The Bredeson’s own Carlos Creek Winery in Alexandria, Minn. During a special event on July 12, USDA Minnesota Rural Development State Director Colleen Landkamer recognized Carlos Creek for receiving a Value-Added Producer Grant. The grant will help Carlos Creek grow its customer base and increase distribution of its locally produced wines.
The Bredeson’s purchased Carlos Creek in 2008. The couple did not have any previous wine-making experience. Before purchasing the winery, Tami worked as marketing director for a bank and Kim owned and managed a custom wood carving business.
That business and leadership experience has helped the Bredeson’s grow Carlos Creek exponentially. Its Minnesota Nice brand – a group of specialty wines with titles like “You Betcha Blush” and “Hot Dish Red” — has been the most popular. The value-added grant will help Carlos Creek meet increasing demand, which also may result in more full and part-time jobs at the winery. Tami said she hopes to increase production by 200 to 300 percent.

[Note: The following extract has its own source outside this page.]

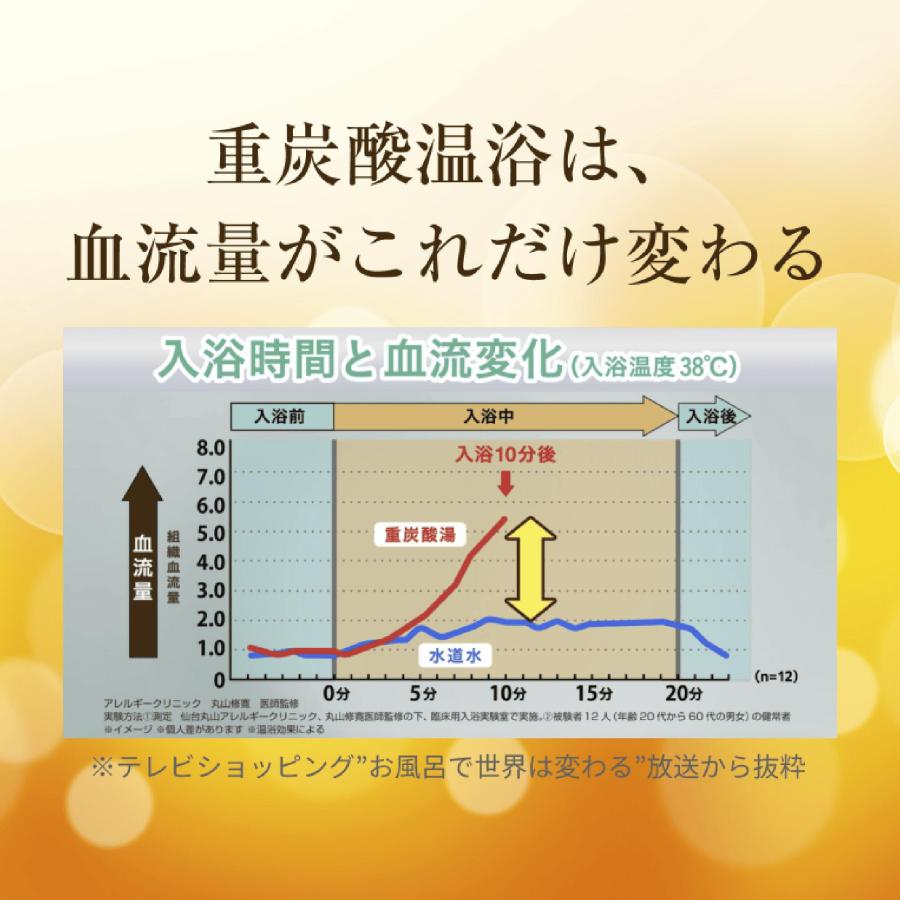 HOT TAB（ホットタブ） 入浴剤 ウェルネス 90錠 医薬部外品 重炭酸入浴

“Carlos Creek is a wonderful Minnesota small business success story,” Landkamer said. “We need to make sure businesses like these receive the support necessary to continue growing. Carlos Creek and other emerging small businesses will lead the way in rural job creation as our economy continues to rebound.”
The winery also is a valuable asset to other businesses in the Alexandria area. Tami estimates that about 40,000 people visit the winery each year and that 90 percent visit from outside the Alexandria area. Many visitors stay at local hotels and shop at other area businesses. Tami estimates that Carlos Creek helps bring in about $1.9 million for surrounding community businesses each year.
Local agriculture also benefits from the winery. About 90 percent of the grapes and apples used to create the wines made at Carlos Creek are either grown at the winery or purchased from local producers. The winery also recycles all of its bottles and uses only real cork, a sustainable material. The winery currently supplies customers in a 100-mile radius. The value-added grant will help distribution grow further, even beyond Minnesota.
“We’d like to have Minnesota Nice wines in every state in America,” Bredeson said. “Wouldn’t that be something?”